This One Thing Can Reveal Your Risk For Invasive Breast Cancer, Says New Study
A breast cancer diagnosis falls under the category of beyond terrifying. The good news is, the medical community learns and advances more and more each and every day, increasing the chances of early detection.
A treatment plan for invasive breast cancer can vary with each individual. Depending on what the circumstances are, a breast cancer patient can undergo surgery, radiation therapy, chemotherapy, hormone therapy, immunotherapy, and more, as noted by breast cancer organization Susan G. Komen. A breast cancer diagnosis early on can result in a more positive prognosis than patients who are diagnosed with more progressive breast cancers, and it helps to always stay informed.
Interestingly, previous studies have revealed that your birth weight could be linked to how much at risk you are of developing breast cancer. According to the Susan G. Komen organization, women who were a higher weight when they were born are more likely to be diagnosed with breast cancer than women of lower birth weight. But a recent study published in Menopause: The Journal of The North American Menopause Society found that a high birth weight can cause invasive breast cancer. Read on to learn more, and next, check out The 6 Best Exercises for Strong and Toned Arms in 2022, Trainer Says.
A high birth weight can increase your chance of developing invasive breast cancer
In this recent study, scientists performed research on 1,139,032 women. They compared those who were born at normal weights to those born with higher birth weights. Their data concluded, "high weight at birth … is positively associated with the risk of invasive breast cancer." Additionally, the study revealed a higher birth weight can increase the risk of postmenopausal breast cancer in singleton births (over 8 pounds).
Low birth weights can also lead to complications
Babies born weighing less than 5 pounds, 8 ounces are considered to have low birth weight, according to Boston Children's Hospital. Babies who are born weighing less than 3 pounds, 5 ounces are at an extremely low birth weight. A small baby can be at risk of complications, including motor delays, behavioral and intellectual challenges, and more, as per the findings in a previous study. But according to this recent study, a high birth weight can have its own challenges.
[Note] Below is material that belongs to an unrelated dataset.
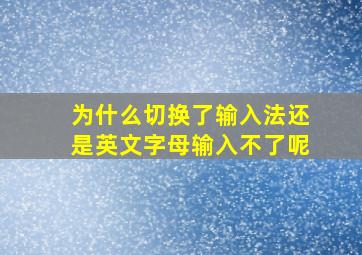 为什么切换了输入法还是英文字母输入不了呢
Listen to your body, and take the proper steps to protect it
It's crucial to be in-tuned with your body, stay up-to-date with breast exams, and go for mammograms for early detection of any potential health risk. The American Cancer Society recommends women who are "at average risk for breast cancer" go for mammograms every year starting at age 45. As for women between the ages of 40 to 44, the organization leaves it up to them to decide if they'd like to get a head start on annual mammogram screenings.